INPUT DATA:
· · · · · · ·

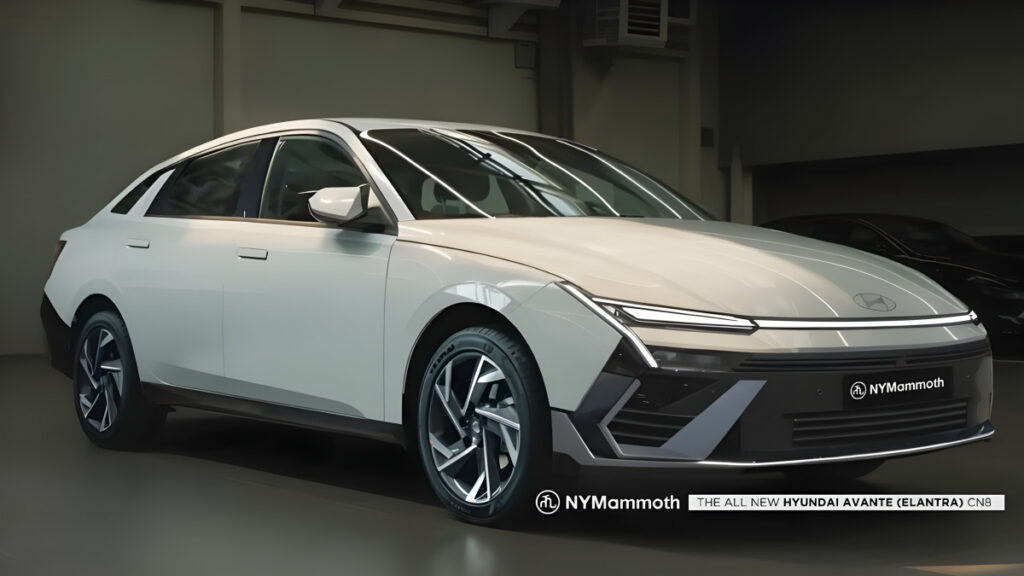 Hyundai New Avante Projections (2)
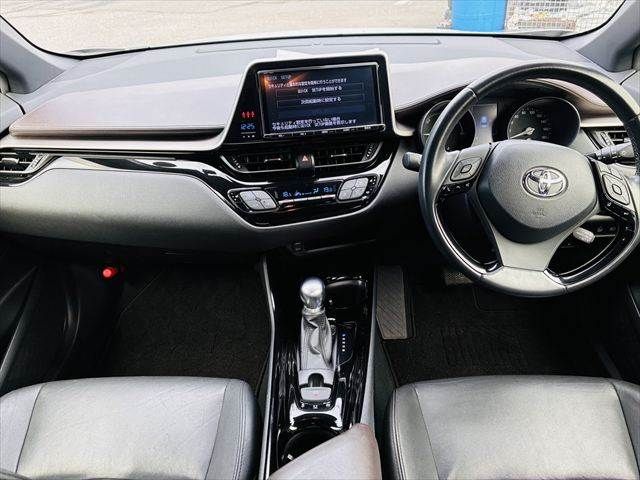 TOYOTA C-HR 2017 Image 31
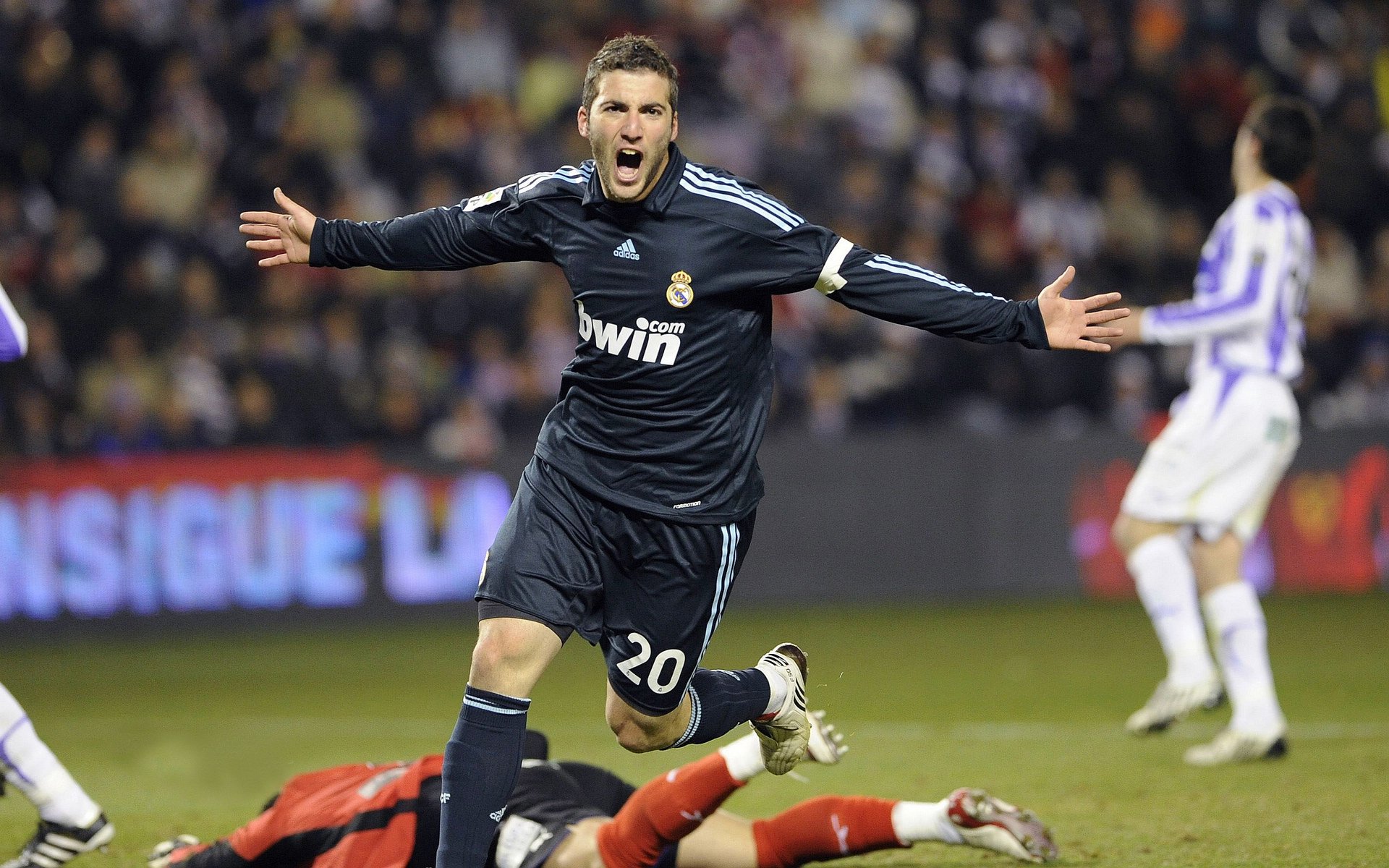 赛前冲刺：车手们的赛日准备全纪录，赛车手比赛前应该做什么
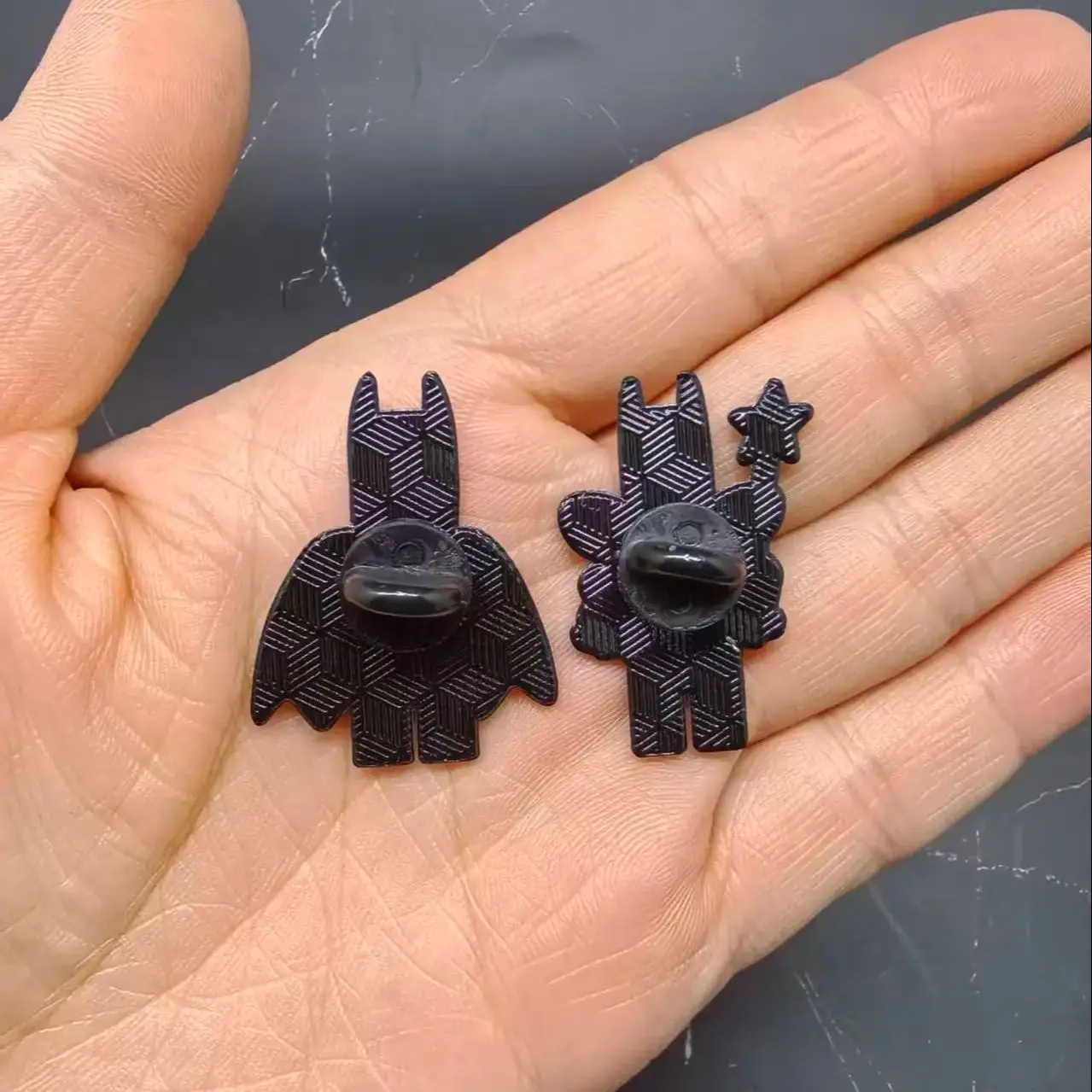 Animierte Film Emaille Pin Cartoon Rosa Schwarz Fledermaus Broschen Revers Abzeichen Paar Zubehör Geschenke 2 Stücke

· · · · · · ·

EXERCISE OBJECTIVE:
Set down the line containing "TOYOTA C-HR 2017 Image 31" and every line after it up to the end of the material, exactly as written, but not the pictures.

RESULT BELOW:
 TOYOTA C-HR 2017 Image 31
 赛前冲刺：车手们的赛日准备全纪录，赛车手比赛前应该做什么
 Animierte Film Emaille Pin Cartoon Rosa Schwarz Fledermaus Broschen Revers Abzeichen Paar Zubehör Geschenke 2 Stücke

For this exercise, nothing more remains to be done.